- [Supplied records]
Content starts

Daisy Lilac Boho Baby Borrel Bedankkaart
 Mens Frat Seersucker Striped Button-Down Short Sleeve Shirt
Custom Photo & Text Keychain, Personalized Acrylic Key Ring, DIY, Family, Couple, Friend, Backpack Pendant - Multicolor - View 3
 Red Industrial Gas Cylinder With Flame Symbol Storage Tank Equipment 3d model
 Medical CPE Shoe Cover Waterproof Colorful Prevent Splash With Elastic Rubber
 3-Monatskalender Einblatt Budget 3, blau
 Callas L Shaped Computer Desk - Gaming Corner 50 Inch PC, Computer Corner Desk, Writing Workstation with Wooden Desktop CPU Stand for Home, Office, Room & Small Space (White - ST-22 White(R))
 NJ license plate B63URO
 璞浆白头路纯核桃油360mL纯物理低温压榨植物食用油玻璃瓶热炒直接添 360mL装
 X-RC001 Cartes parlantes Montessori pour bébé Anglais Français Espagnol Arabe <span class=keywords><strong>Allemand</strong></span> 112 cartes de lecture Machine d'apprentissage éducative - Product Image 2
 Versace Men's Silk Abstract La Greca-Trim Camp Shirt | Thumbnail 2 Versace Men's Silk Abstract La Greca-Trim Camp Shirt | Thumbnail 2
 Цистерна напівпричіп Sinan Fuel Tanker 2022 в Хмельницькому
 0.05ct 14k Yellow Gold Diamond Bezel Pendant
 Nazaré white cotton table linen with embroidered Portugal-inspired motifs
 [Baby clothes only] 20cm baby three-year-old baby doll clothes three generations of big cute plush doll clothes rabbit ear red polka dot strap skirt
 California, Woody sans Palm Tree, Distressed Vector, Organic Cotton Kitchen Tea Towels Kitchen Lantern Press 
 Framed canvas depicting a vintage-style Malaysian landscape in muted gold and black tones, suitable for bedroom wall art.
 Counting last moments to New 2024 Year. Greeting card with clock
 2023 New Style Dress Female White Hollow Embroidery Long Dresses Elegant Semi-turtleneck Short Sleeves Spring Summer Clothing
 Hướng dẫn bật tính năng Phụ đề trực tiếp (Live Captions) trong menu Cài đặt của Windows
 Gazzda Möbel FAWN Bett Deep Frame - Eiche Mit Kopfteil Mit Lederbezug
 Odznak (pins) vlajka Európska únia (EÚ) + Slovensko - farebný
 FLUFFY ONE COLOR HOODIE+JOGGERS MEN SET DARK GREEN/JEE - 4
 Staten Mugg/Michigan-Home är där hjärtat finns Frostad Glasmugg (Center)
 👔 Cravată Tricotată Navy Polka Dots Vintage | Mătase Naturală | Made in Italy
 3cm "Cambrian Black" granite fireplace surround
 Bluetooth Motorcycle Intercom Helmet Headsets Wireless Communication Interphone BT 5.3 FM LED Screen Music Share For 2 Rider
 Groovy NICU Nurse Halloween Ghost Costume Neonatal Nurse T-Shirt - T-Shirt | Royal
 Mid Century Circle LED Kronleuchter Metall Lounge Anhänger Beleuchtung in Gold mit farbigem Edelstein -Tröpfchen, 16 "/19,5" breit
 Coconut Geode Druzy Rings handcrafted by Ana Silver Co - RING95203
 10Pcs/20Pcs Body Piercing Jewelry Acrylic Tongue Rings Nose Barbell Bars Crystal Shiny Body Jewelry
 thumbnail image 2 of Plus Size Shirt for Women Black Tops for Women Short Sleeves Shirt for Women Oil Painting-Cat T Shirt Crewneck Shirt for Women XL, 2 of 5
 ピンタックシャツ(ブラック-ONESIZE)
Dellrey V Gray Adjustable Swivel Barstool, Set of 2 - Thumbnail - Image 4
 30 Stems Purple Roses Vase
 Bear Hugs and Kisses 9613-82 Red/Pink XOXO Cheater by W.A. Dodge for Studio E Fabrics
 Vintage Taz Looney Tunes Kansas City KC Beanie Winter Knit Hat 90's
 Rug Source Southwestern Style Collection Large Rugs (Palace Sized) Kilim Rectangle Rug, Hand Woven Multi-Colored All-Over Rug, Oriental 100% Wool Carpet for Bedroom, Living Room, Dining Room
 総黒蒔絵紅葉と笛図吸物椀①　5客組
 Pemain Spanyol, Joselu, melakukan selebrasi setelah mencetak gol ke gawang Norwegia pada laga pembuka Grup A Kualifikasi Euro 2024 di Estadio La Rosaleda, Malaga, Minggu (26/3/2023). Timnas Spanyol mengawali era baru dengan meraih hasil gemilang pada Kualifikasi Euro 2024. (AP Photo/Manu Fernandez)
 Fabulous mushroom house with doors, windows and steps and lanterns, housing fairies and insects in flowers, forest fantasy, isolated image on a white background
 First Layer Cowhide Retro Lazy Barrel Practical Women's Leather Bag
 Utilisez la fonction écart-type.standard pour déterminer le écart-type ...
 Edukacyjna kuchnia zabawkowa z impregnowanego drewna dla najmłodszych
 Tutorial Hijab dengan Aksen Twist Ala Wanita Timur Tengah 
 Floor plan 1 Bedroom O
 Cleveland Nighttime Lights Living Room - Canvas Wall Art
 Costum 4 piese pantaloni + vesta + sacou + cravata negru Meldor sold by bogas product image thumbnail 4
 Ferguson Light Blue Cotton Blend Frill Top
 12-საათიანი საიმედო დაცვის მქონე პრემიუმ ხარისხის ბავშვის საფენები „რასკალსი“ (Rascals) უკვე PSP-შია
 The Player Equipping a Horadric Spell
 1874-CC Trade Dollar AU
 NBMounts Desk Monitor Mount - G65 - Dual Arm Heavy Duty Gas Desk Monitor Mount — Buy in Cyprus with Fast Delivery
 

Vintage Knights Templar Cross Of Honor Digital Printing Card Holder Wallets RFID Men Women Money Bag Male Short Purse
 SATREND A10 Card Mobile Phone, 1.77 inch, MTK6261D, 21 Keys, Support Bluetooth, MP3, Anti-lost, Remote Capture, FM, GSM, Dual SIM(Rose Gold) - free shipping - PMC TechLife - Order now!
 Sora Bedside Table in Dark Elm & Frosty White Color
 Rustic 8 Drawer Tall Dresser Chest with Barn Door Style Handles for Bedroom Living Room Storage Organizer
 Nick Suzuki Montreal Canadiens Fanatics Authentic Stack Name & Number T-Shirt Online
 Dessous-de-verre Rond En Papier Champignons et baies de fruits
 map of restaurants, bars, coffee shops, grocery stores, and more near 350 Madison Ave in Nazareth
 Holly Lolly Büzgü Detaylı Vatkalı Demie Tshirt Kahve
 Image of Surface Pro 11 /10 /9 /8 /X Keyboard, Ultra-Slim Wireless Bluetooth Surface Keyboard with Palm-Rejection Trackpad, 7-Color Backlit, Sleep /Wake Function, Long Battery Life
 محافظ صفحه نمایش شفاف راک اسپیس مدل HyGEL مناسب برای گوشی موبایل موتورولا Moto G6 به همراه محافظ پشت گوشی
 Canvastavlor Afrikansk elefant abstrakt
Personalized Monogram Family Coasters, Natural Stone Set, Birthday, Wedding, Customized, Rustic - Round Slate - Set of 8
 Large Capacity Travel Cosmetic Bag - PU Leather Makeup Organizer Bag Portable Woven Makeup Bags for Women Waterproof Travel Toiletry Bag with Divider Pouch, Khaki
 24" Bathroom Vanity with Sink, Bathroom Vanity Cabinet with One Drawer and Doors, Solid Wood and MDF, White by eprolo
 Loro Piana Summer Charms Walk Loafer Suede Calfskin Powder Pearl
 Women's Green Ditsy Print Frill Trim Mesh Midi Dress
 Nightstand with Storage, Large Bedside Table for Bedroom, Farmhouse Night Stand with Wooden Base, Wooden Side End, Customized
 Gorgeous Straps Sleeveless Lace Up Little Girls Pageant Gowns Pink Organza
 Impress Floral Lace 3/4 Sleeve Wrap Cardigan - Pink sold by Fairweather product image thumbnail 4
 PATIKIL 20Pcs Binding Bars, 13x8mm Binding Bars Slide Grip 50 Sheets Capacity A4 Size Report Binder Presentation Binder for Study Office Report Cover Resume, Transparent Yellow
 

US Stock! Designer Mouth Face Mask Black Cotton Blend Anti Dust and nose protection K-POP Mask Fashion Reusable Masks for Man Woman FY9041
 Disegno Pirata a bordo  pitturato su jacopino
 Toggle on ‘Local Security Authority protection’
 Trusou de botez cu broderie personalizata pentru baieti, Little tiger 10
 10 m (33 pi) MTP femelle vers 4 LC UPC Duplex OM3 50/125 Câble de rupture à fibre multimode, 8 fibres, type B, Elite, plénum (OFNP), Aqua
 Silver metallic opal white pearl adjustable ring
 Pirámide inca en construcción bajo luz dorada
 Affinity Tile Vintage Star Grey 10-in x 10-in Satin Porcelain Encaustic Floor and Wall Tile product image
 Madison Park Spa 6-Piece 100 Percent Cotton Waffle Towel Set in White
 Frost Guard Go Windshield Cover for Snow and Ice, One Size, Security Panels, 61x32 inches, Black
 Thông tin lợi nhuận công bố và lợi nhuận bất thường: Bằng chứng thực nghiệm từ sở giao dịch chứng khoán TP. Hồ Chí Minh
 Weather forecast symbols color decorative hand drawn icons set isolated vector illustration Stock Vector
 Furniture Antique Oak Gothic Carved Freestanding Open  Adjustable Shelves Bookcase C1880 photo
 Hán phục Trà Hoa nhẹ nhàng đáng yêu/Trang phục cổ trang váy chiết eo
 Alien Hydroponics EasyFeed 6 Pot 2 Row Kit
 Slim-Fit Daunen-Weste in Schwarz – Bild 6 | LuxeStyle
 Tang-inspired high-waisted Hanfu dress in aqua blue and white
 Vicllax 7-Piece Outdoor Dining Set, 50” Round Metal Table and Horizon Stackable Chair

Content ends

- [Task brief] Reproduce, character for character, only the lines of the preceding data that start at the line with "Image of Surface" and end at the line with "Canvastavlor Afrikansk elefant abstrakt", both included.

- [Solution]
 Image of Surface Pro 11 /10 /9 /8 /X Keyboard, Ultra-Slim Wireless Bluetooth Surface Keyboard with Palm-Rejection Trackpad, 7-Color Backlit, Sleep /Wake Function, Long Battery Life
 محافظ صفحه نمایش شفاف راک اسپیس مدل HyGEL مناسب برای گوشی موبایل موتورولا Moto G6 به همراه محافظ پشت گوشی
 Canvastavlor Afrikansk elefant abstrakt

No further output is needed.